On Fri, Feb 17, 2012 at 12:45 PM, Shay Banon kimchy@gmail.com wrote:

Do you see anything in the logs? It seems like there are 8 initializing
shards.

On Friday, February 17, 2012 at 8:34 PM, Kenneth Loafman wrote:

Hi,

We're on ES 18.6 driving a 4-node cluster on RackSpace.

Last night we had a nework outage on two of the nodes and our 4-node
cluster morphed into 2 2-node clusters. I think that's what happened
anyway. We shut all 4 nodes down cleanly, brought them up one at a time
and the cluster reformed into one, however, it's sticking on getting out of
red.

{
"cluster_name" : "elasticsearch",
"status" : "red",
"timed_out" : false,
"number_of_nodes" : 4,
"number_of_data_nodes" : 4,
"active_primary_shards" : 234,
"active_shards" : 426,
"relocating_shards" : 0,
"initializing_shards" : 8,
"unassigned_shards" : 126
}

It will stay in this mode for a long time and the '_status' will show a
bunch of
"failures" : [ {
  "index" : "co0181ca0711",
  "shard" : 1,
  "reason" :
"BroadcastShardOperationFailedException[[co0181ca0711][1] ]; nested:
RemoteTransportException[[Whiteout][inet[/10.177.166.64:9300]][indices/status/shard]];
nested: IndexMissingException[[co0181ca0711] missing]; "
}, {

which seem to come and go, but not get initialized. With 2 shards and 1
replica, it seems that it should be able to recover the missing index from
the other shard or the replica, but it sticks at this point until I
manually delete what's left of the index. Was this due to the split-brain
issue or is this just a limitation of ES? Is there a way to recover the
missing index from the replica? How do I find the replicas?

...Thanks,
...Ken

kimchy · February 17, 2012, 10:35pm

What I meant by data deleted is that some data was deleted from the file system by any chance? I suggest you start to delete the problematic indexes that hold the problematic shards when the cluster is up.

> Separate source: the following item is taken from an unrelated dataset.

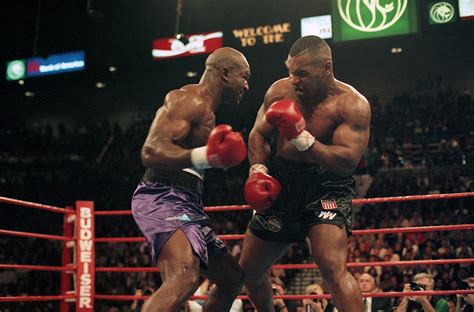 Mbspmt006 Mike Tyson Vs Evander Holyfield Iconic Images
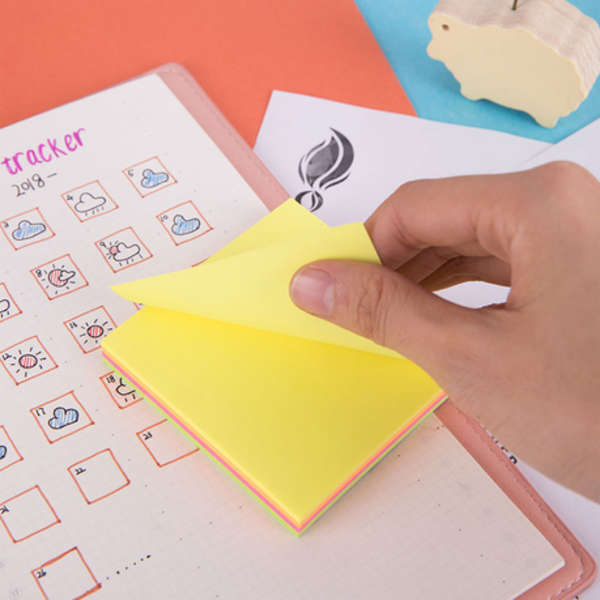 Deli Stick Up Ultra Bright Neon 25 x 4 Sheets Colours Sticky Notes - A02602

On Friday, February 17, 2012 at 11:32 PM, Kenneth Loafman wrote:

Any ideas? I've shut down again, forced fsck on next boot, rebooted and restarted. No real problems found, so we can rule that out. The logs are too big to gist. What would you need from them if I could find it?

On Fri, Feb 17, 2012 at 1:55 PM, Kenneth Loafman <kenneth@loafman.com (mailto:kenneth@loafman.com)> wrote:
Hmm, something else is going on. Two of the indexes that were OK originally are now showing IndexShardMissingException.

ES is indeed hungry!

On Fri, Feb 17, 2012 at 12:58 PM, Kenneth Loafman <kenneth@loafman.com (mailto:kenneth@loafman.com)> wrote:
Nothing was deleted manually or through curl. Is this recoverable at all? What happened? Was this because of the split-cluster condition?

On Fri, Feb 17, 2012 at 12:54 PM, Shay Banon <kimchy@gmail.com (mailto:kimchy@gmail.com)> wrote:
This means that the shard was supposed to exist on that node, but it can't be found, are you sure nothing was deleted?

On Friday, February 17, 2012 at 8:49 PM, Kenneth Loafman wrote:
Yes, a whole bunch of messages repeating like this:

[2012-02-17 18:48:00,586][WARN ][cluster.action.shard ] [Blindspot] received shard failed for [co0198ca0694][1], node[o9nkBCsISKGt7P6acyshHQ], [P], s[INITIALIZING], reason [Failed to start shard, message [IndexShardGatewayRecoveryException[[co0198ca0694][1] shard allocated for local recovery (post api), should exists, but doesn't]]]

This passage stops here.